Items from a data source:
[Start of Attachment]

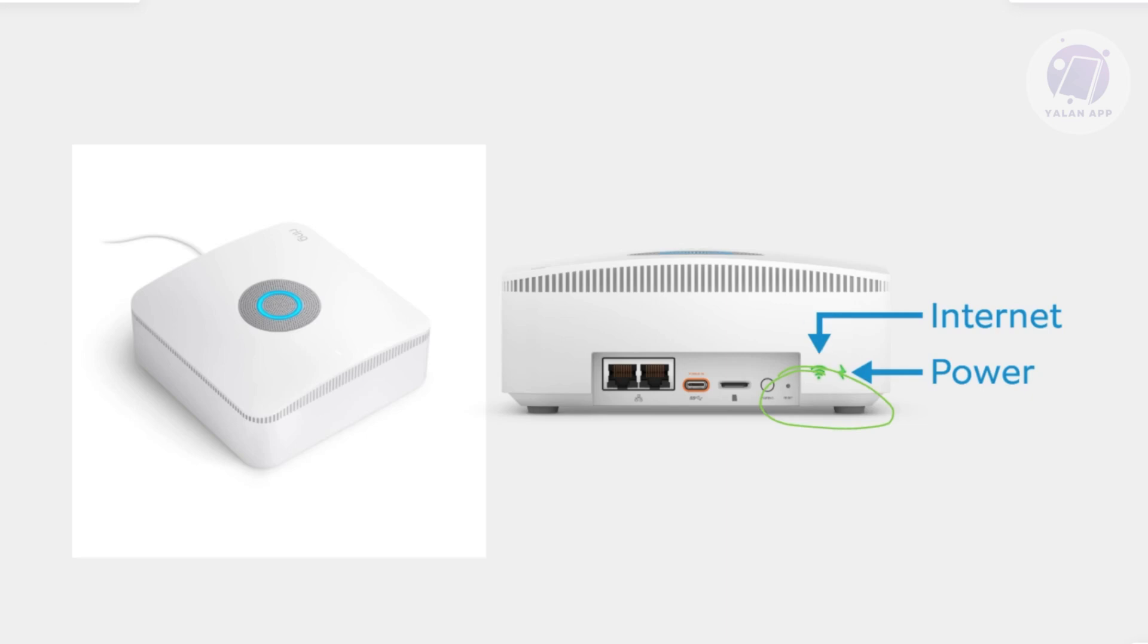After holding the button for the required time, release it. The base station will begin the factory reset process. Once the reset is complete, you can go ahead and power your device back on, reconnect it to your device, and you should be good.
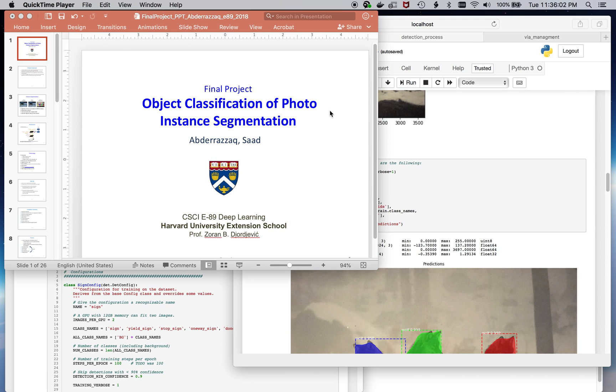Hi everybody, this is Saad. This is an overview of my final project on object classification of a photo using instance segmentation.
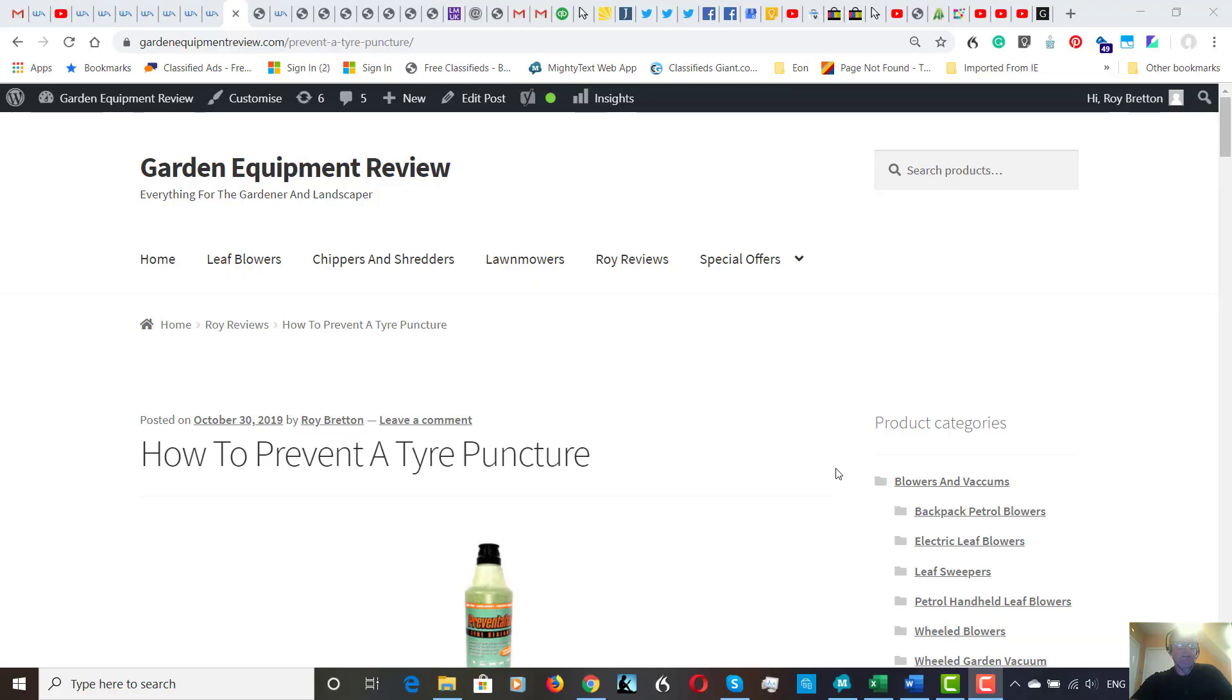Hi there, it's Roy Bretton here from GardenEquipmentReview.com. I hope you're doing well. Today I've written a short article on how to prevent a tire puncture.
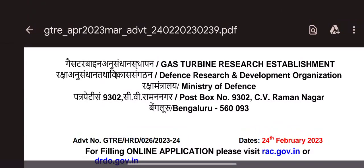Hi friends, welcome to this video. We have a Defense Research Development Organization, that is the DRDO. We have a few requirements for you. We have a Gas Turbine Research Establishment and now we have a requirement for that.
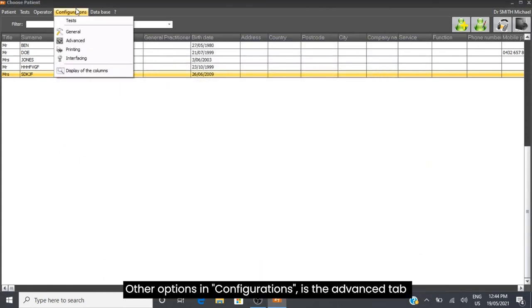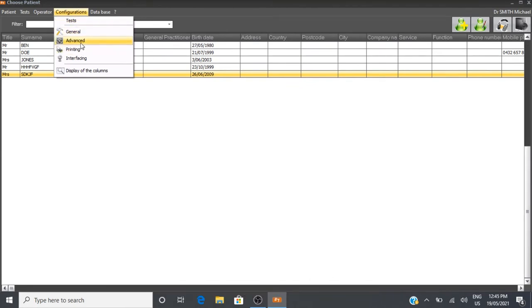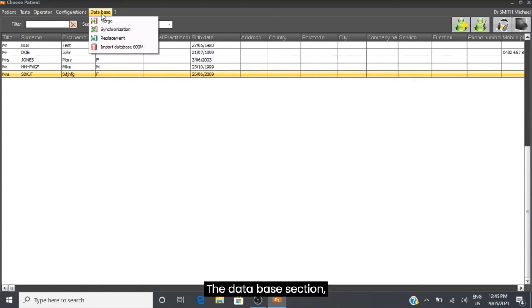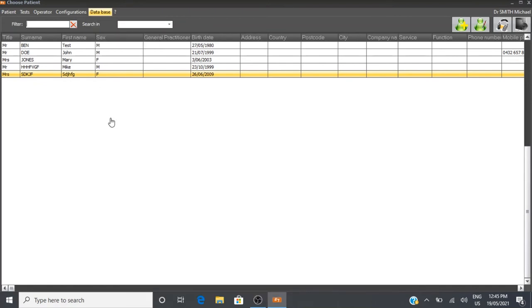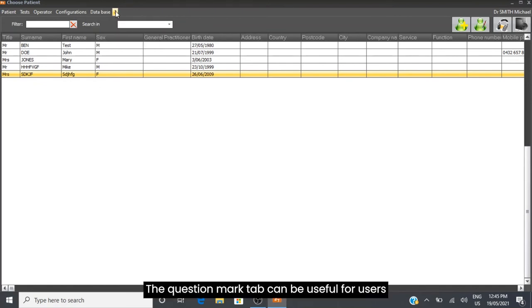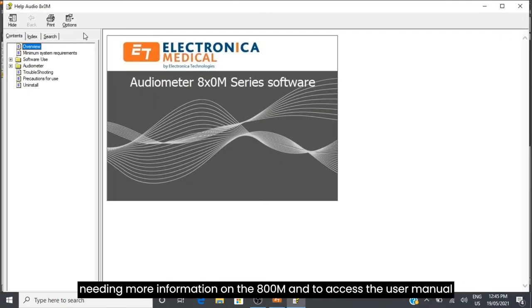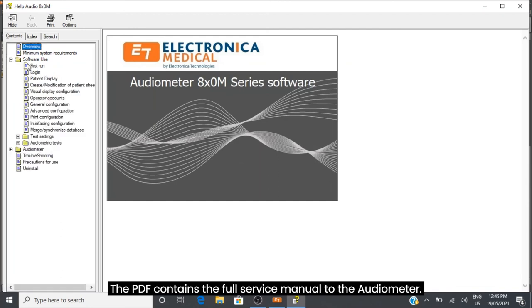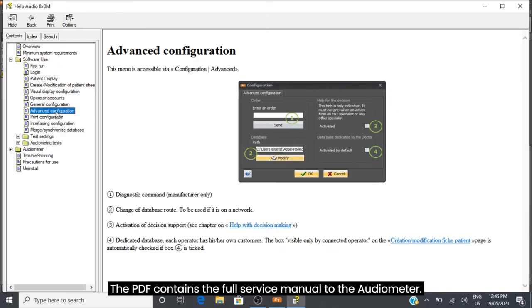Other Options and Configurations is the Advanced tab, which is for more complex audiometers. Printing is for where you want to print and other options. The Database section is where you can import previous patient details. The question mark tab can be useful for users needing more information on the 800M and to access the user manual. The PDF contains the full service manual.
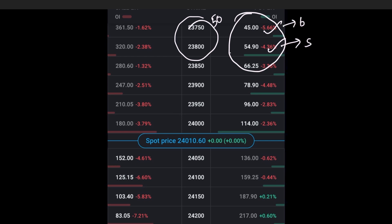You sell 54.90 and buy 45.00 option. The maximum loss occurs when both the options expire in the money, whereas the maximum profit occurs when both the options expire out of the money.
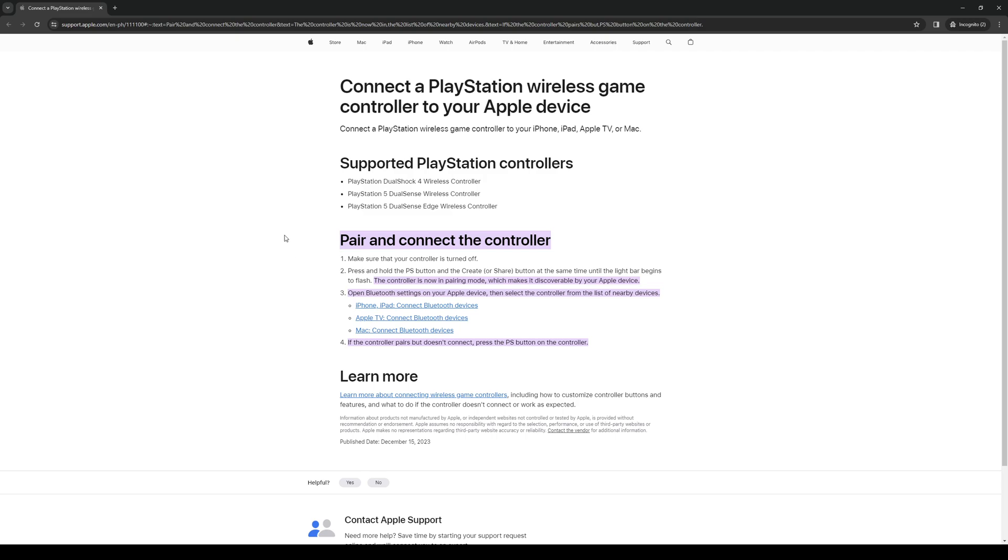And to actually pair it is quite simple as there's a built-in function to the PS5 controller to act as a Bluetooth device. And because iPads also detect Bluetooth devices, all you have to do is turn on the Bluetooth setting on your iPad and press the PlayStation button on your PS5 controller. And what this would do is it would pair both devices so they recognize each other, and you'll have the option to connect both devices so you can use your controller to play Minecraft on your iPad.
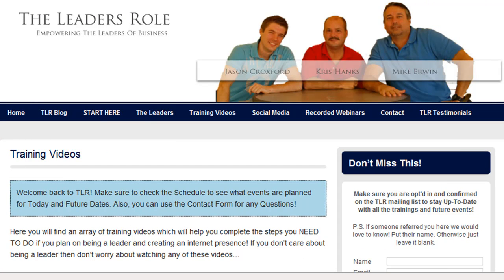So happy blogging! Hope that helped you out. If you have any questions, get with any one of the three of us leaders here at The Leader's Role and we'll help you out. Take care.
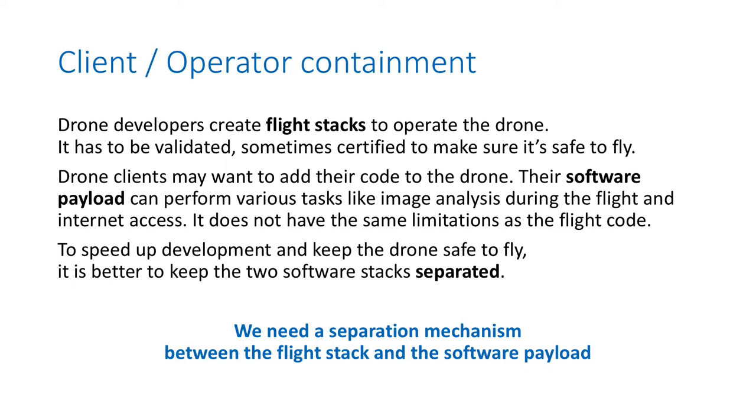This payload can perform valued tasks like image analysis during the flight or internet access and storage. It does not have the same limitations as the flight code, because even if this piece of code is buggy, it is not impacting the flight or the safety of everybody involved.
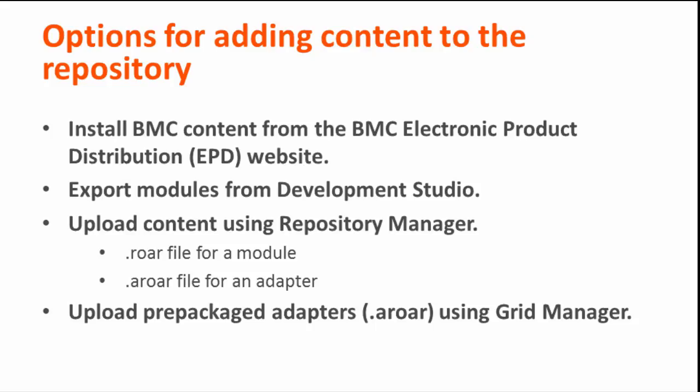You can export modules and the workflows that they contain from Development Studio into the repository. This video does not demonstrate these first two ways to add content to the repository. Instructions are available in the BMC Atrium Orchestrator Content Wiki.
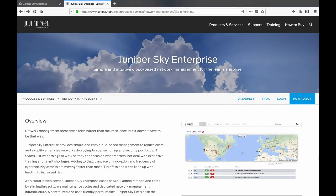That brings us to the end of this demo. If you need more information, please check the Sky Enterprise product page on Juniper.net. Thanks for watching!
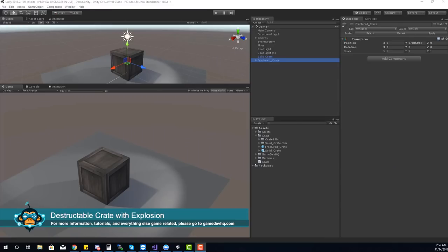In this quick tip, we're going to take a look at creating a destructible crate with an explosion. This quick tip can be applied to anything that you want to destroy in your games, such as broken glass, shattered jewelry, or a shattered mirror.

[End of Attachment]

PROBLEM DETAILS: Output the lines above verbatim, images excluded.

ANSWER BOX:
After holding the button for the required time, release it. The base station will begin the factory reset process. Once the reset is complete, you can go ahead and power your device back on, reconnect it to your device, and you should be good.
Hi everybody, this is Saad. This is an overview of my final project on object classification of a photo using instance segmentation.
Hi there, it's Roy Bretton here from GardenEquipmentReview.com. I hope you're doing well. Today I've written a short article on how to prevent a tire puncture.
Hi friends, welcome to this video. We have a Defense Research Development Organization, that is the DRDO. We have a few requirements for you. We have a Gas Turbine Research Establishment and now we have a requirement for that.
Other Options and Configurations is the Advanced tab, which is for more complex audiometers. Printing is for where you want to print and other options. The Database section is where you can import previous patient details. The question mark tab can be useful for users needing more information on the 800M and to access the user manual. The PDF contains the full service manual.
You sell 54.90 and buy 45.00 option. The maximum loss occurs when both the options expire in the money, whereas the maximum profit occurs when both the options expire out of the money.
And to actually pair it is quite simple as there's a built-in function to the PS5 controller to act as a Bluetooth device. And because iPads also detect Bluetooth devices, all you have to do is turn on the Bluetooth setting on your iPad and press the PlayStation button on your PS5 controller. And what this would do is it would pair both devices so they recognize each other, and you'll have the option to connect both devices so you can use your controller to play Minecraft on your iPad.
So happy blogging! Hope that helped you out. If you have any questions, get with any one of the three of us leaders here at The Leader's Role and we'll help you out. Take care.
This payload can perform valued tasks like image analysis during the flight or internet access and storage. It does not have the same limitations as the flight code, because even if this piece of code is buggy, it is not impacting the flight or the safety of everybody involved.
You can export modules and the workflows that they contain from Development Studio into the repository. This video does not demonstrate these first two ways to add content to the repository. Instructions are available in the BMC Atrium Orchestrator Content Wiki.
That brings us to the end of this demo. If you need more information, please check the Sky Enterprise product page on Juniper.net. Thanks for watching!
In this quick tip, we're going to take a look at creating a destructible crate with an explosion. This quick tip can be applied to anything that you want to destroy in your games, such as broken glass, shattered jewelry, or a shattered mirror.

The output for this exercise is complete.